A female trader works on the floor of the New York Stock Exchange in New York City on Jan. 3, 2012

Reading hedge-fund giant Paul Tudor Jones’ recent comments that having babies makes women bad traders reminded me of a close friend of mine, a very senior investment banker at a major Wall Street firm, who once worked for someone she called the Screamer. I would regularly show up to lunches or dinners with my friend and hear stories about how the Screamer had shouted yet another round of expletives during a conference call or thrown something at his secretary. I was always amazed that a man this emotionally unhinged had been allowed to hold any position of power, let alone one in which he was running billions of dollars of other people’s money.

Which is why Jones’ comments are so fascinating, and so flawed. If I’m reading his rather convoluted argument correctly, he’s saying that women can’t be good traders because they are too much at the mercy of their emotions. Actually, plenty of research has shown just the opposite. In the best-selling book, The Hour Between Dog and Wolf, John Coates, a former trader who is now a neuroscientist at Cambridge University, looks at just how emotionally influenced traders — mainly men — are.
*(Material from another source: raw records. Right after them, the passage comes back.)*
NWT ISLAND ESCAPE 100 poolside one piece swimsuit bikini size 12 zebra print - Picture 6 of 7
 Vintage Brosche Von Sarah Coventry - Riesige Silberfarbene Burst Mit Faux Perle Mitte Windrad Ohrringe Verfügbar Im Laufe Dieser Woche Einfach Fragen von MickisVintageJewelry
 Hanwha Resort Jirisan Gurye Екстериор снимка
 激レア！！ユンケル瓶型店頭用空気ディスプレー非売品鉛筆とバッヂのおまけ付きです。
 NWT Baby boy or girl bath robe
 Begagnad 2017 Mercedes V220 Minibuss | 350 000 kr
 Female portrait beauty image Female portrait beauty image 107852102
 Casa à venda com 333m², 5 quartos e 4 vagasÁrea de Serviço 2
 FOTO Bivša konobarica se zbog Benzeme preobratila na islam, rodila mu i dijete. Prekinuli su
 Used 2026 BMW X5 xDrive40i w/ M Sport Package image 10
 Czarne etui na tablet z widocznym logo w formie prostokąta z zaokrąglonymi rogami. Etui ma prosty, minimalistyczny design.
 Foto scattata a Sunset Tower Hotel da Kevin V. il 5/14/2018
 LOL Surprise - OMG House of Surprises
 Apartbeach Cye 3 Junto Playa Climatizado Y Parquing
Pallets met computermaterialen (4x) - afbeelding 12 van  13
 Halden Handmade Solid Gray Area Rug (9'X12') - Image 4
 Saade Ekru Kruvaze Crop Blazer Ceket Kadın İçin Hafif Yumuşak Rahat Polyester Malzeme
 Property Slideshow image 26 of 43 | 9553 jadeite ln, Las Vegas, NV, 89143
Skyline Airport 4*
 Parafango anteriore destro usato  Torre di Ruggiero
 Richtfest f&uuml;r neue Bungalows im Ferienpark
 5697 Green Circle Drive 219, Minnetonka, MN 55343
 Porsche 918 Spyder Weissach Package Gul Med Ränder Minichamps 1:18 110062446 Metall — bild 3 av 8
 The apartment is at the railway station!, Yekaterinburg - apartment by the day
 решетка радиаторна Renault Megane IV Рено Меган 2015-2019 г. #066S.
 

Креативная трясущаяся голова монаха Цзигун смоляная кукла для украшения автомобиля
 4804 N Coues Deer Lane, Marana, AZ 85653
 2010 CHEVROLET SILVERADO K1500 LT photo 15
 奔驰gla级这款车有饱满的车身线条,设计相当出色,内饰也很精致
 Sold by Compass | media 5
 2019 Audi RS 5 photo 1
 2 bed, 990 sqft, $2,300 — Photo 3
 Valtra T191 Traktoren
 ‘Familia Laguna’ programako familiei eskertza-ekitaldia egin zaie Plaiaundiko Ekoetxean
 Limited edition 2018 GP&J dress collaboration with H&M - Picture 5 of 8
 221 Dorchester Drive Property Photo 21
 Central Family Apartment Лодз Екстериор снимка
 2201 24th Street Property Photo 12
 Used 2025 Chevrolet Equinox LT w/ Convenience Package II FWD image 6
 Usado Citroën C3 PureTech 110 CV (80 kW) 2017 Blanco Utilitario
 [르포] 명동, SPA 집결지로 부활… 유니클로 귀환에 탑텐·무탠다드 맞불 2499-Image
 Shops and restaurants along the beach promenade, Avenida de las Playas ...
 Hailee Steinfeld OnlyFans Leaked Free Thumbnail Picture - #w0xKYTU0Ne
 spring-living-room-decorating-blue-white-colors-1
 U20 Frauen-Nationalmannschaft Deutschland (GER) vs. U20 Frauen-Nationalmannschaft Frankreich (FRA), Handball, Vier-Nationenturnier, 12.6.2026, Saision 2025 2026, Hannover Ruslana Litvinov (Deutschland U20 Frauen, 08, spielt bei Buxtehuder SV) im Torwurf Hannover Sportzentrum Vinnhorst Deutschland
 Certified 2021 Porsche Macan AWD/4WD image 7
Coates finds that fluctuations in traders’ hormones play a crucial and unexamined role in the financial markets, creating major boom-and-bust cycles as vast amounts of dopamine flood the brain during a good — or bad — trade. Indeed, it’s a snowballing cycle, as traders need ever-bigger doses of dopamine to feel the buzz.

London Whale anyone?

What’s interesting is that female traders don’t go as much to those extremes. Research shows they tend to be more risk-adverse, yes, but that means that while they avoid the highs and lows, they can often have better returns than men.

(MORE: Why We Need More Female Traders on Wall Street)

I’m guessing that vast amounts of dopamine in the brain during a billion-dollar trade make you just as emotional as having a baby does. Maybe that’s one reason that regulators on both sides of the Atlantic are looking to start tracking traders’ hormone levels as a matter of public policy and financial safety, as my friend, Financial Times columnist Gillian Tett, noted in a piece last year.

All I can say is that if I had my money invested with Paul Tudor Jones, I might want to know more about his risk-mitigation strategies.